Instructions for the task → Images in the data are to be skipped, while every line is restated exactly as written.
▼
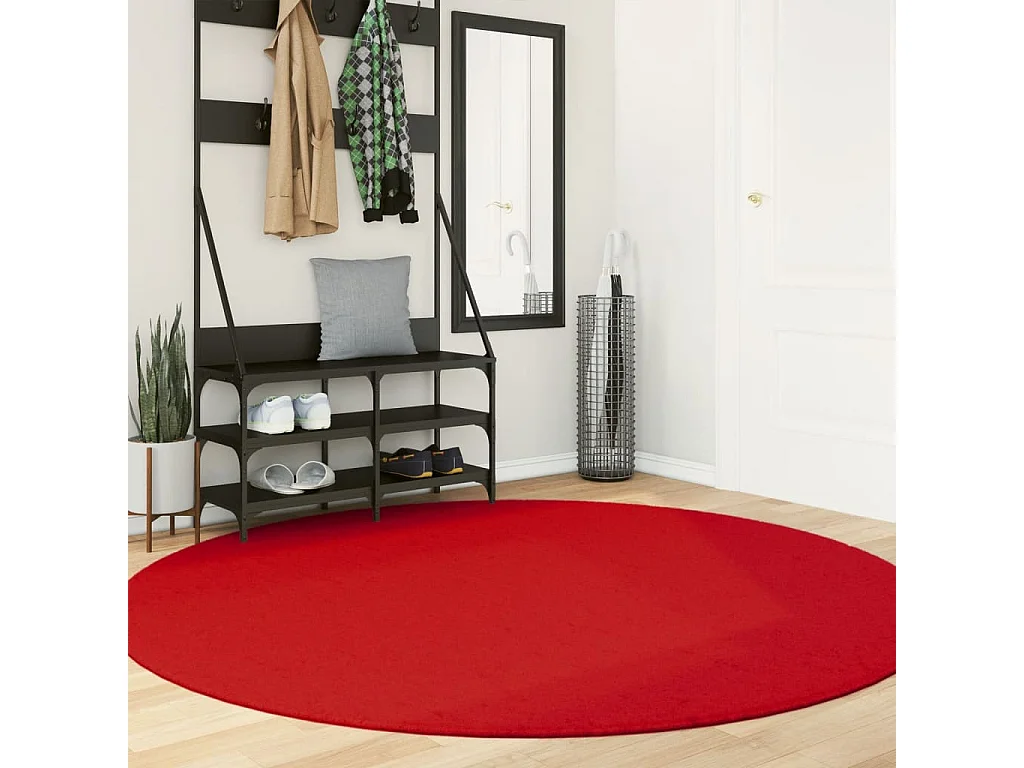 Vloerkleed OVIEDO laagpolig Ø 200 cm rood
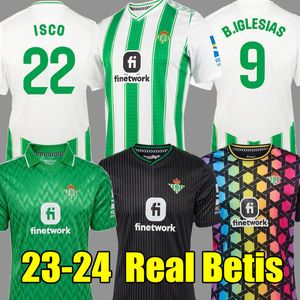 23 24 Isco Real Betis Home Soccer Jerseys Fekir B.IGlesias Ayoze Joaquin Away Third 2023 2024 Men Kids Kit Football Shirts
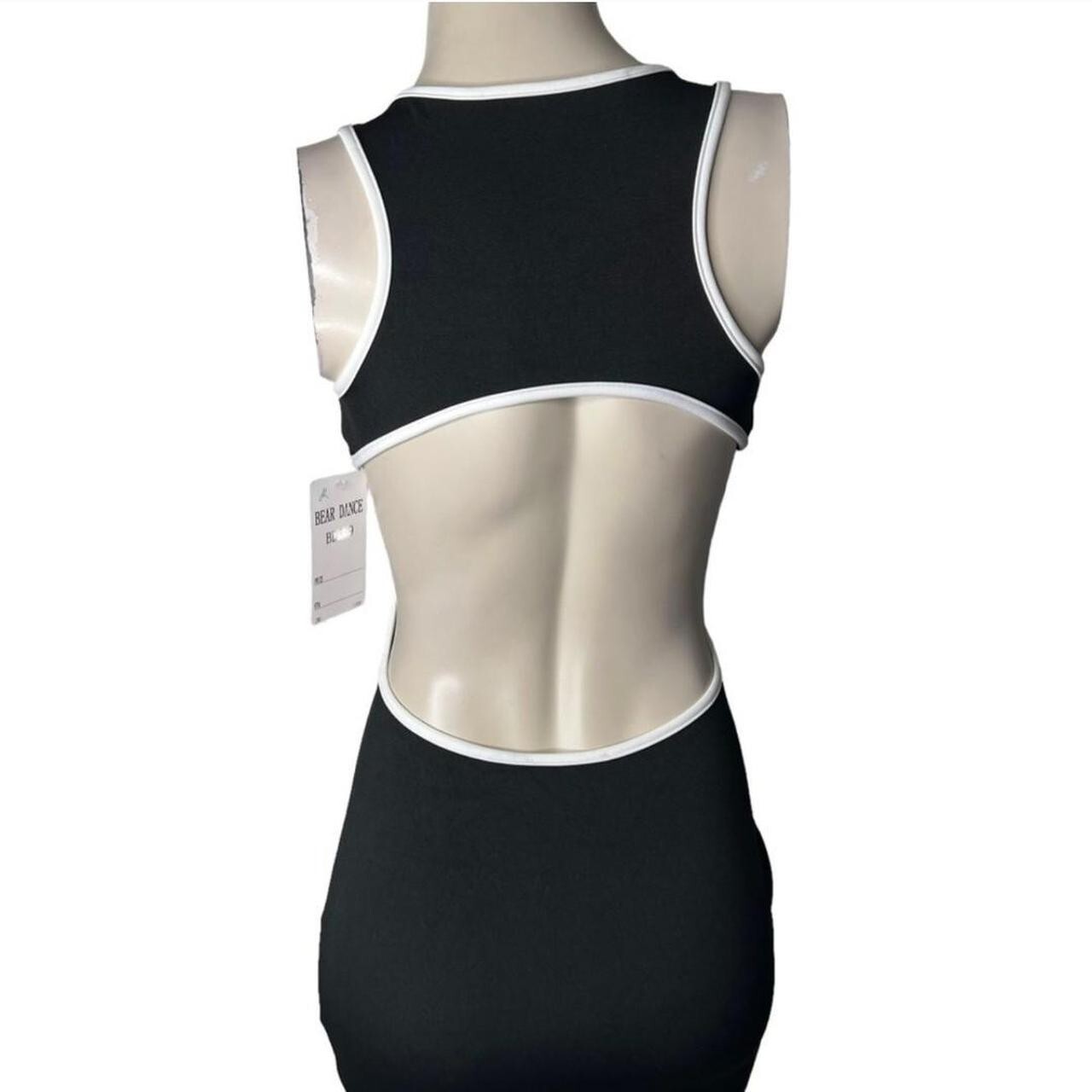 🆕Black & White Trim Cut Out Open Back Stretch Fashion Bodycon Mini Dress~Size S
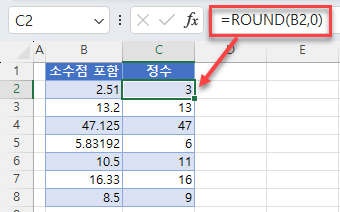 소수점 반올림 수식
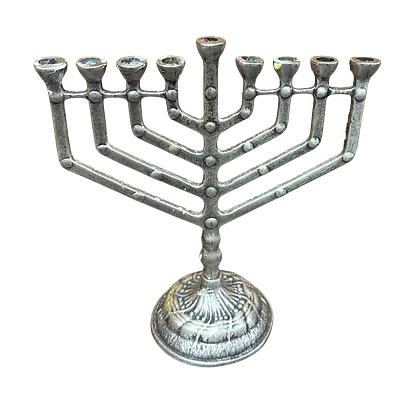 חנוכיית חנוכה מתכת כסף וינטג', חתיכת יודאיקה יפה תוצרת ישראל 18/16/8 ס"מ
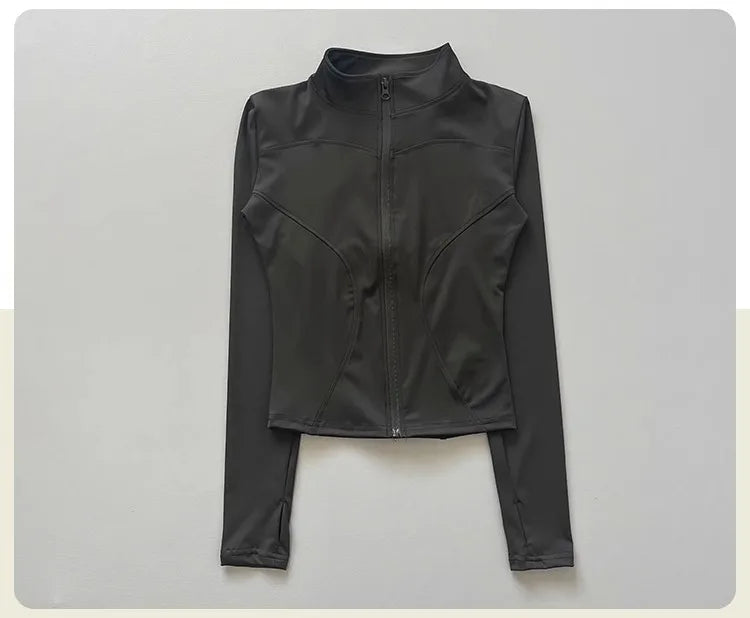 Women's Workout Jacket Stretch Fitted Zip Front Long Sleeve Running Yoga Slimming Waist-Cinching Stand Collar Quick-Dry Sportswe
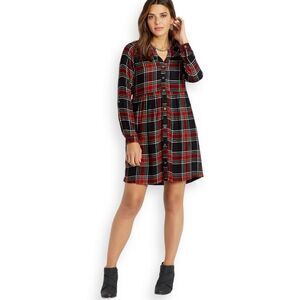 Maurices Red Plaid Shirt Dress NWT Size Medium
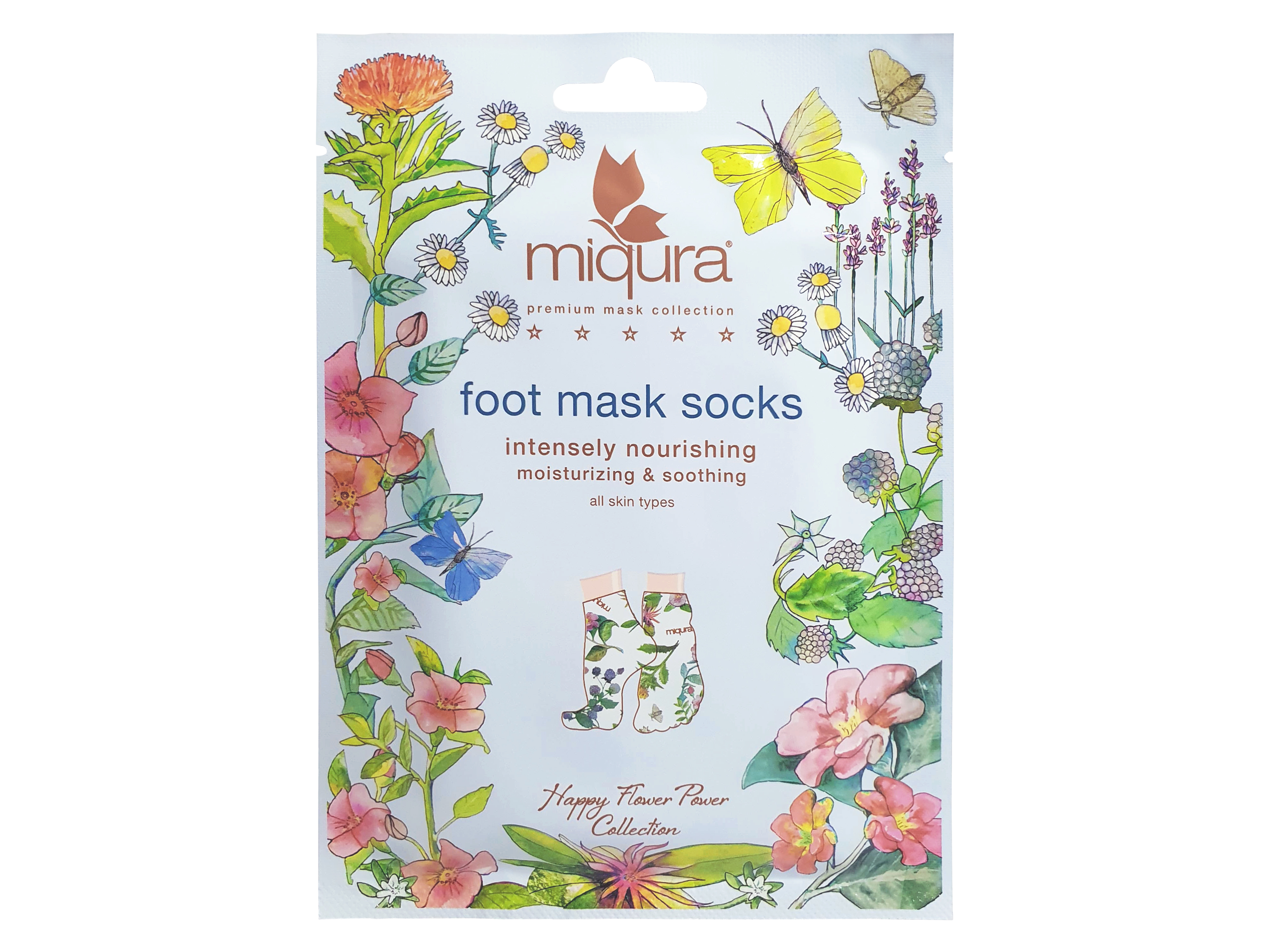 Miqura Flower Foot Mask Socks, 1 par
▲
Expected answer →
 Vloerkleed OVIEDO laagpolig Ø 200 cm rood
 23 24 Isco Real Betis Home Soccer Jerseys Fekir B.IGlesias Ayoze Joaquin Away Third 2023 2024 Men Kids Kit Football Shirts
 🆕Black & White Trim Cut Out Open Back Stretch Fashion Bodycon Mini Dress~Size S
 소수점 반올림 수식
 חנוכיית חנוכה מתכת כסף וינטג', חתיכת יודאיקה יפה תוצרת ישראל 18/16/8 ס"מ
 Women's Workout Jacket Stretch Fitted Zip Front Long Sleeve Running Yoga Slimming Waist-Cinching Stand Collar Quick-Dry Sportswe
 Maurices Red Plaid Shirt Dress NWT Size Medium
 Miqura Flower Foot Mask Socks, 1 par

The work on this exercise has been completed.